Avant d’entrer dans les détails de l’accident, il est bon de rappeler comment se déroulent la plupart des « atterrissages » ou plutôt amarrages des dirigeables :
Comme tout aéronef, l’atterrissage constitue l’une des phases de vol les plus critiques. La sensibilité des dirigeables aux aléas météorologiques accentue davantage la complexité de cette phase. De manière générale, un atterrissage de dirigeable peut se décomposer en trois étapes : l’approche, le positionnement et l’amarrage. Une fois amarré (accroché à un mât), le débarquement peut s’effectuer. L’approche est une phase durant laquelle un dirigeable ajuste sa position en vue d’un atterrissage. La pente, la distance et la vitesse du dirigeable sont calées sur l’objectif de positionnement attendu, généralement symbolisé au sol par un opérateur. Puis, le pilote du dirigeable positionne son aéronef en vol stationnaire au-dessus de l’objectif et maintient la position. Un ou plusieurs câbles sont alors relâchés. Passés les quelques secondes durant lesquelles le ou les câbles sont en contact avec le sol (déchargement électrostatique), un ou plusieurs opérateurs au sol viennent saisir le ou les câbles. Ces câbles servent en général au maintien en position du nez du dirigeable, puis à son approche au mât d’amarrage, auquel il est enfin fixé via un opérateur montant en haut du mât. Sur les anciens grands dirigeables, deux équipes de plusieurs dizaines de personnes étaient nécessaires à cette manœuvre. Cette méthode est encore utilisée, à bien plus petite échelle, sur quelques dirigeables actuels (Zeppelin NT, Goodyear…). Néanmoins, une pratique répandue consiste à approcher le mât (mobile donc) une fois que le dirigeable est stabilisé à proximité du sol. La « capture » du nez du dirigeable par son mât se fait alors via un guidage par câble. Ce câble est en deux sections, la première fixée au nez du dirigeable, et la seconde reliée via un treuil au mât. Lors du positionnement du dirigeable, ce câble d’amarrage est relâché par le pilote, puis est connecté au câble du mât par un opérateur au sol. Le treuil du mât est enfin actionné pour approcher le nez du dirigeable à la tête de mât, jusqu’à la connexion des deux parties. Ce système et cette procédure sont vraisemblablement appliqués dans le cas de l’Airlander 10.
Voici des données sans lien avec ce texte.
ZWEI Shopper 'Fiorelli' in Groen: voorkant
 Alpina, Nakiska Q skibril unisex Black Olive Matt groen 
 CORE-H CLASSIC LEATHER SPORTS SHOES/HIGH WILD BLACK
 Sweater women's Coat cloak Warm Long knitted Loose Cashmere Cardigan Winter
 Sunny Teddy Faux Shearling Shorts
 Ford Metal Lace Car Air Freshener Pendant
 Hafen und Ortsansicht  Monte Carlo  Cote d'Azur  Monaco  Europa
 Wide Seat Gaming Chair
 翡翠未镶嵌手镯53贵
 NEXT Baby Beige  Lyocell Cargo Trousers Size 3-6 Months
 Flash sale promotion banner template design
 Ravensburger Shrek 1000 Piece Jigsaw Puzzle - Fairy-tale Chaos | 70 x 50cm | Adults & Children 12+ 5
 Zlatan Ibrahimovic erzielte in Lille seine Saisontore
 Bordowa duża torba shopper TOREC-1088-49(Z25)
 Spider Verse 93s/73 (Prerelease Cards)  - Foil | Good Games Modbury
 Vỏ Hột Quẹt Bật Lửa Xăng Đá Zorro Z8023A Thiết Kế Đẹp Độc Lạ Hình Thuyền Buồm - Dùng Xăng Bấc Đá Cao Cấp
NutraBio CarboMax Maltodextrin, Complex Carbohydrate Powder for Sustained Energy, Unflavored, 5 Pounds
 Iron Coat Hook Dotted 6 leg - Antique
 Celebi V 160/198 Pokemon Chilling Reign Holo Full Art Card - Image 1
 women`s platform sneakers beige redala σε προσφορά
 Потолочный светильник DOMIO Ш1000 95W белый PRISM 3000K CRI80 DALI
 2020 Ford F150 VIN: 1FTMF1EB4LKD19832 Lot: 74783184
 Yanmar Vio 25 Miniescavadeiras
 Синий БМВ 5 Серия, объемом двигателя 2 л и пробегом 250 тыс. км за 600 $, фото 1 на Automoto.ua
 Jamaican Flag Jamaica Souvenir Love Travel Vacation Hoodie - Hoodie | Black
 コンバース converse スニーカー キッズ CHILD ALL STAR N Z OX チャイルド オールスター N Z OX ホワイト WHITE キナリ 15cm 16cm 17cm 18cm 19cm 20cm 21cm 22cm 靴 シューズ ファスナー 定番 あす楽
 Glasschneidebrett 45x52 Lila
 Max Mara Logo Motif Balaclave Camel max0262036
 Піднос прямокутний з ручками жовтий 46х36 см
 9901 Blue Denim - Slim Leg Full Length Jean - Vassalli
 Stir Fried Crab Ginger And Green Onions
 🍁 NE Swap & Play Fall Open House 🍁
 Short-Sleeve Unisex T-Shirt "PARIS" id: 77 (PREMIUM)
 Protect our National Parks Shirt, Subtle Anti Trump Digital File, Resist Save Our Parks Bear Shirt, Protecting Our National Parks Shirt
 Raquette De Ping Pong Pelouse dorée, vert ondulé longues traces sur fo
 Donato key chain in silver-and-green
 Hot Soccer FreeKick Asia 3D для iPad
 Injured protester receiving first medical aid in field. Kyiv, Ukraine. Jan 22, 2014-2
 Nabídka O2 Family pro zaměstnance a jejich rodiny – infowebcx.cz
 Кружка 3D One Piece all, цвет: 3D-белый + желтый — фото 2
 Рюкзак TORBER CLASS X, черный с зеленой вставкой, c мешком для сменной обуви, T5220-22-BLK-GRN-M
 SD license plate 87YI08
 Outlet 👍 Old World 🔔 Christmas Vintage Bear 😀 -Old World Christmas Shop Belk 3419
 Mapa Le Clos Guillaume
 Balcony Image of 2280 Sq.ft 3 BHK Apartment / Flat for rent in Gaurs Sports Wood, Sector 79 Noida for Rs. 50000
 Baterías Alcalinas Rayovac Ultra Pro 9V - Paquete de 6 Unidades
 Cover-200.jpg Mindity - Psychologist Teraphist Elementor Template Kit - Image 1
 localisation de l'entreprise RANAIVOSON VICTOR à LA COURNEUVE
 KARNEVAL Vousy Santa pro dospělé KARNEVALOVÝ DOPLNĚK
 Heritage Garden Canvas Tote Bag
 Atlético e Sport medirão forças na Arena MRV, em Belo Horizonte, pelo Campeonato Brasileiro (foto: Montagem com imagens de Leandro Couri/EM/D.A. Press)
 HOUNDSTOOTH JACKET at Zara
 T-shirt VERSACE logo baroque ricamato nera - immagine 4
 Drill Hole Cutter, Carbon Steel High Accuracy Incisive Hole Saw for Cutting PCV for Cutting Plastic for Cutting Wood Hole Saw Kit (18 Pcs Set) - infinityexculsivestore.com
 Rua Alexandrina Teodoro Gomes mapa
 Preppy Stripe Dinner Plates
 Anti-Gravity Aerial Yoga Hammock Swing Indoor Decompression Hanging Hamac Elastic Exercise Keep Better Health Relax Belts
Rappelons aussi que l’Airlander 10, de par sa nature hybride, nécessite une approche plus ou moins longue.
Incident, Accident, Crash ?
La question est très souvent posée. Rappelons que l’Organisation de l’Aviation Civile Internationale (OACI / ICAO) définie un accident comme un événement lié à l’opération d’un aéronef entre le moment où la première personne embarque et jusqu’au moment où la dernière personne débarque de l’aéronef et durant lequel :
- Une personne est fatalement ou sérieusement blessée ou,
- L’aéronef subit un dommage ou un défaut structurel ou,
- L’aéronef est considéré comme disparu ou totalement inaccessible.
Toujours suivant la définition de l’OACI, il existe plusieurs niveaux d’accidents (Catastrophique, Majeur, Mineur, Incident). L’Airlander ayant subi des dégâts matériels mineurs, cet événement peut être considéré comme un accident mineur. L’AAIB évoque d’ailleurs le terme d’accident tout au long de son rapport.
Revenons aux faits. Le rapport de l’AAIB stipule que lors de ce deuxième vol d’essai, l’Airlander 10 était piloté par un pilote chevronné de 61 ans, détenteur d’une licence de pilote commercial et totalisant 12 700 heures de vol dont 4 sur l’Airlander 10.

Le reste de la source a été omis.